— Directions for this task —
Within the records below, find the line with "this 600×400 image." and the line with "this 480×320 image.", then reproduce exactly those two lines and all lines between them, without any picture.

— Material provided —
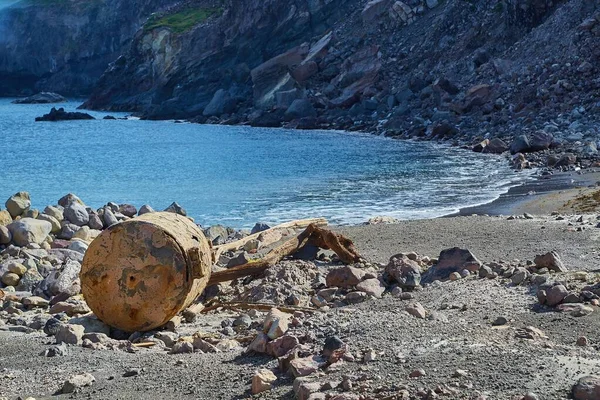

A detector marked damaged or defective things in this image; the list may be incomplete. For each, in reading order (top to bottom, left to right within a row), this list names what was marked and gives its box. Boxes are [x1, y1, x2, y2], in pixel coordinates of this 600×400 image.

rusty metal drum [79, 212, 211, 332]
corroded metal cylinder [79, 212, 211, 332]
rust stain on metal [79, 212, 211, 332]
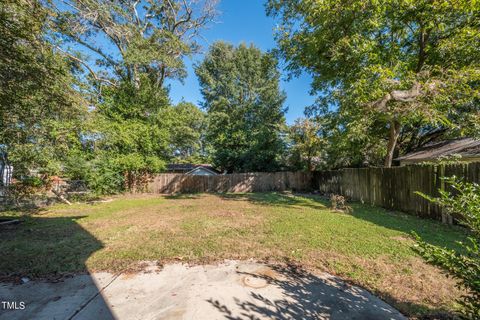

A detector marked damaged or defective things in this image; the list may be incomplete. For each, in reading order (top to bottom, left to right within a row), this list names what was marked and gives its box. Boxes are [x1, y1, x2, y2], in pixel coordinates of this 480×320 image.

* * *

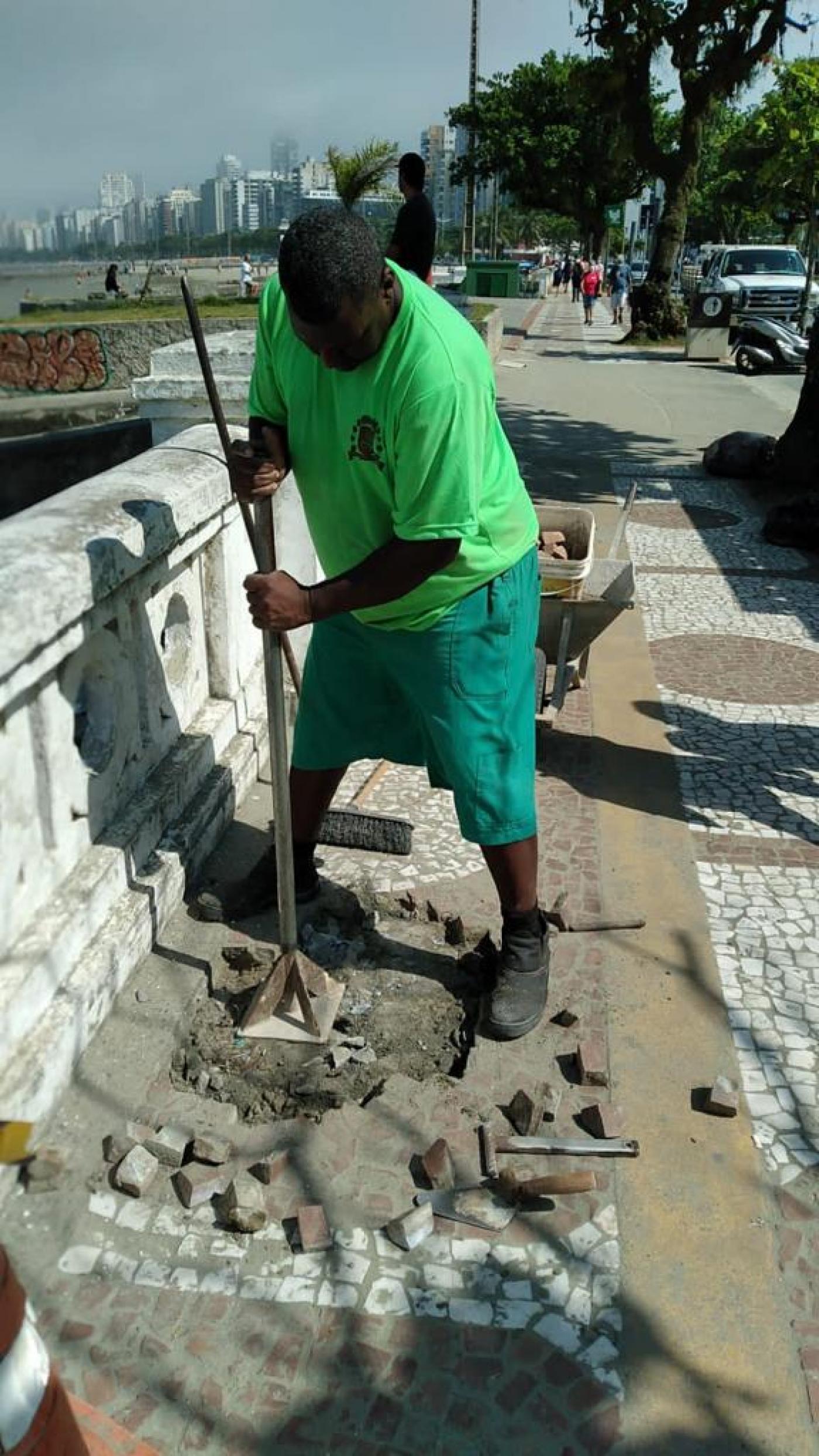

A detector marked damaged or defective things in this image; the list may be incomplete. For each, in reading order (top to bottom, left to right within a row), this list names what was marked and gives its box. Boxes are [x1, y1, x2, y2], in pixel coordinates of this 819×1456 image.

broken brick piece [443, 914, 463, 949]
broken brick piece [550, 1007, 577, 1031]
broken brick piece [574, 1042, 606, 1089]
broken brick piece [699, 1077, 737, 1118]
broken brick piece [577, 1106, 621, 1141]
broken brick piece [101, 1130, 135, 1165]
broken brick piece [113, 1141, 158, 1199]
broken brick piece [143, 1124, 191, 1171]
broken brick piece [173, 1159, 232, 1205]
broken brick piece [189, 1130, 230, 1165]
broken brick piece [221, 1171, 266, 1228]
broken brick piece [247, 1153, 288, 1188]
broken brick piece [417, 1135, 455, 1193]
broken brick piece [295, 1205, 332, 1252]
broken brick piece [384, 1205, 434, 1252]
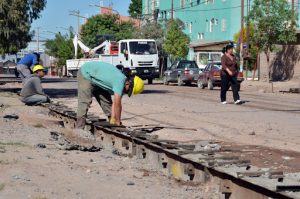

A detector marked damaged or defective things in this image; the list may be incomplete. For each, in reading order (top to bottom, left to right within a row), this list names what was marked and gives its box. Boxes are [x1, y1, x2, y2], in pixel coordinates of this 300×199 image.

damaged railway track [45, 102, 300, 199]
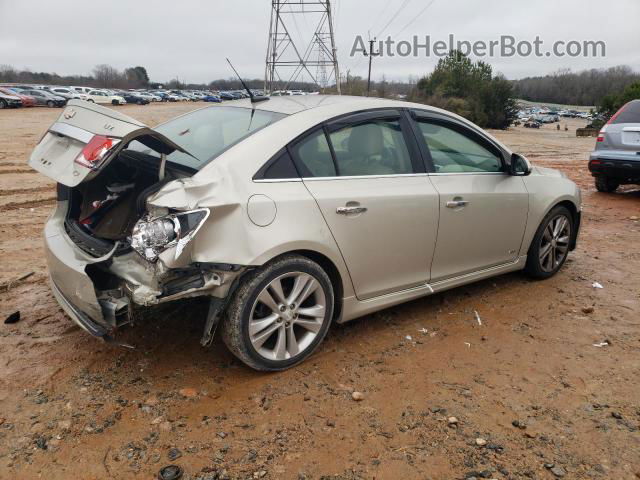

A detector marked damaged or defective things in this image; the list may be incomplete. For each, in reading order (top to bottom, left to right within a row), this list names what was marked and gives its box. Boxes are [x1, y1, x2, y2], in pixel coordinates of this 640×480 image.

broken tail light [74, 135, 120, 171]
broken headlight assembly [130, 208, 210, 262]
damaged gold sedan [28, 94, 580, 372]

...

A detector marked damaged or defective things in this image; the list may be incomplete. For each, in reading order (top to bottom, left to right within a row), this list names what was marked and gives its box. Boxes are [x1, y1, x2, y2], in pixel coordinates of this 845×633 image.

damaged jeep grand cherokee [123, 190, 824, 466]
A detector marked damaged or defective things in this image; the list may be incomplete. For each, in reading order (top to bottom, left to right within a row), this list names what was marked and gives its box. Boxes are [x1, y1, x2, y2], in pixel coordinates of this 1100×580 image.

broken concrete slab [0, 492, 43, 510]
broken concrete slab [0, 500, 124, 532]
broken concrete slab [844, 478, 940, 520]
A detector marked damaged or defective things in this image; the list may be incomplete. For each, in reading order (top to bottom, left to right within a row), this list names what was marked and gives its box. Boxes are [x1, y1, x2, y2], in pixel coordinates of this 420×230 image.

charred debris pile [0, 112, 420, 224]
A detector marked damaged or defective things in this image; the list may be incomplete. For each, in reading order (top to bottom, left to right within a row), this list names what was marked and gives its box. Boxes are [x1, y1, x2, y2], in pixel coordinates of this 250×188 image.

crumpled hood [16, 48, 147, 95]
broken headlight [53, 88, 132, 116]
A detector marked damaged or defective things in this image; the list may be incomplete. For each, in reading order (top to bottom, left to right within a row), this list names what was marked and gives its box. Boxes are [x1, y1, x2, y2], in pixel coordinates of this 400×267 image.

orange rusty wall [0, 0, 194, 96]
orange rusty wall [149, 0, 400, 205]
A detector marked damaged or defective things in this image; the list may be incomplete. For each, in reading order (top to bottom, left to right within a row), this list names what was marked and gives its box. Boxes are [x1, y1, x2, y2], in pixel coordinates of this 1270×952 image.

— Response —
A detector marked damaged or defective things in this image; the list may be incomplete. For each, in reading order (top to bottom, left to right within a row), this list names what was marked and gives its box. Boxes are [x1, y1, x2, y2], in pixel coordinates of this 600×400 image.

rusty metal drum [79, 212, 211, 332]
corroded metal cylinder [79, 212, 211, 332]
rust stain on metal [79, 212, 211, 332]

A detector marked damaged or defective things in this image; the list may be incomplete. For each, in reading order (top to bottom, left to right within a row), this list names what was marked and gives its box. Boxes are [x1, y1, x2, y2], in pixel coordinates of this 480×320 image.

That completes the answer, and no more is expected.